CFD Calculation of Nonmetallic Inclusion Removal by Bubble Attachment in Continuous Casting Mold

摘要

A water model has been carried out in the present study to observe bubble behavior and particle removal rate depending on gas flow rate, and a mathematical model based on various turbulent-particle model has been carried to predict bubble behavior in casting mold. It has been found out particle density does not have significant effect on particle removal rate in water circulating system. When particles have low contact angle with water, the particle removal rate in bubbling system is similar with in no-bubbling system. However when particles have high contact angle with water, the particle removal rate is depending on gas bubbling rate.
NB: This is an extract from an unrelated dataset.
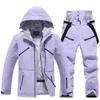 Other Sporting Goods New Ski Suit Winter Outdoor Windproof Waterproof Thickened Warm Breathable Snowboard Double Board Ski Clothing Solid Color HKD231106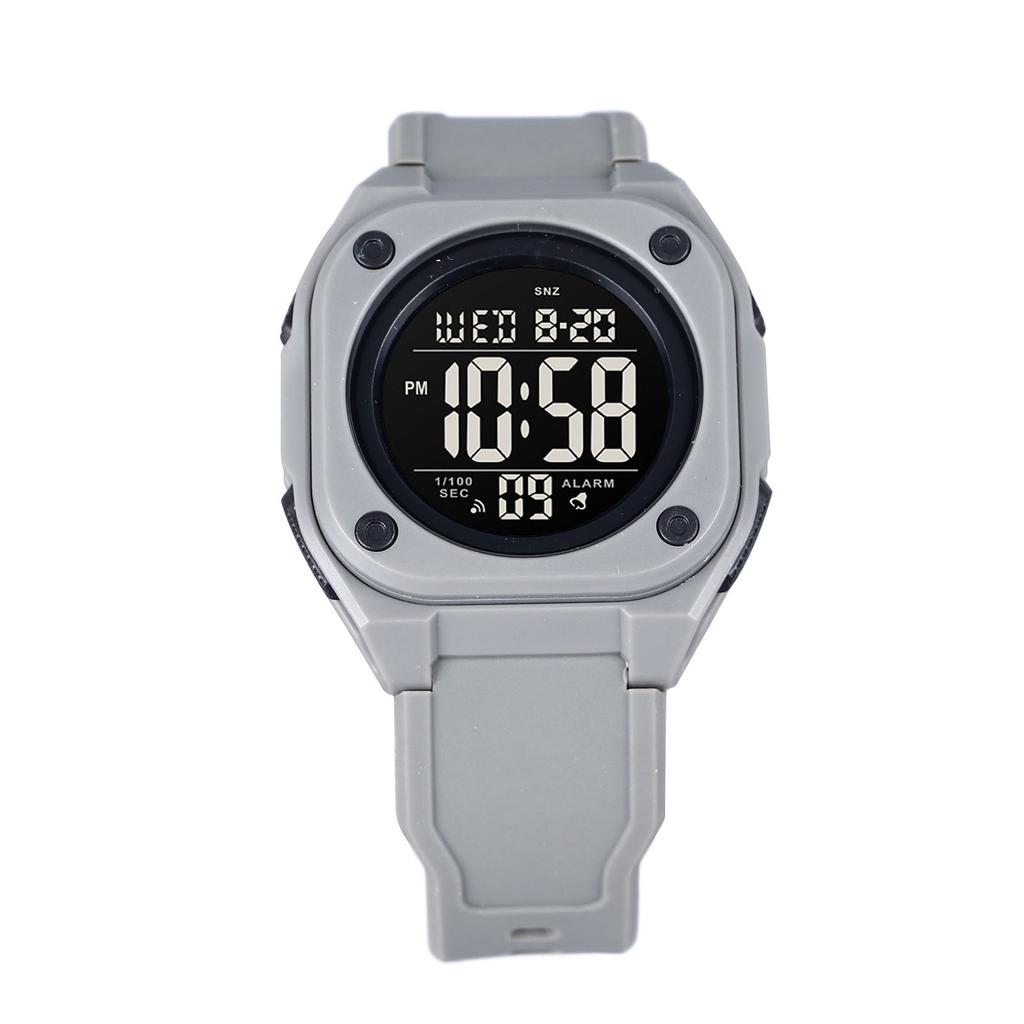 Multifunction Sports Watch Unisex Digital Chronograph Waterproof Electronic Wristwatch Grey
These quantitatively measured data can be used in theoretical research of inclusion-bubble collision. In CFD calculation of bubbles, the drag coefficient is very important variable. In present paper, 4 different models are used. One is standard drag coefficient model, which is widely used in non-turbulent solid particle system. Other two model are based on empirical equations, which is found by Brucato et al. and Shimasaki et al. The other model is the efficient Reynolds moded, which is based on eddy viscosity concept. The comparison between CFD calculation and water model result has shown the followings. (a) In the standard drag coefficient model, bubbles float up very quickly. It shows standard drag coefficient is much lower than actual value. (b) In the Brucato model, the bubble behavior is too much sensitive with gas flow rate. In 1.7L/min gas flow rate, the prediction agrees with the water model. However, in 2.5L/min gas flow rate, the bubble floats up too quickly. (c) In the Shimasaki model, basically, the prediction agrees with the water model. However, in 2.5L/min gas flow rate, the bubbles are scattered in the mold. (d) In the efficient Re model, the prediction agrees with the water model. They show small discrepancy between prediction and water model. It is considered that the simplifying process of bubble size distribution makes the discrepancy. The efficient Re model agrees with the water model well. And it is derived by theoretical research not by empirical equation. I consider the efficient Re model is the most suitable model in bubble calculation in continuous casting mold. In near future, I hope to simulate the inclusion removal process by gas bubbling based on this research.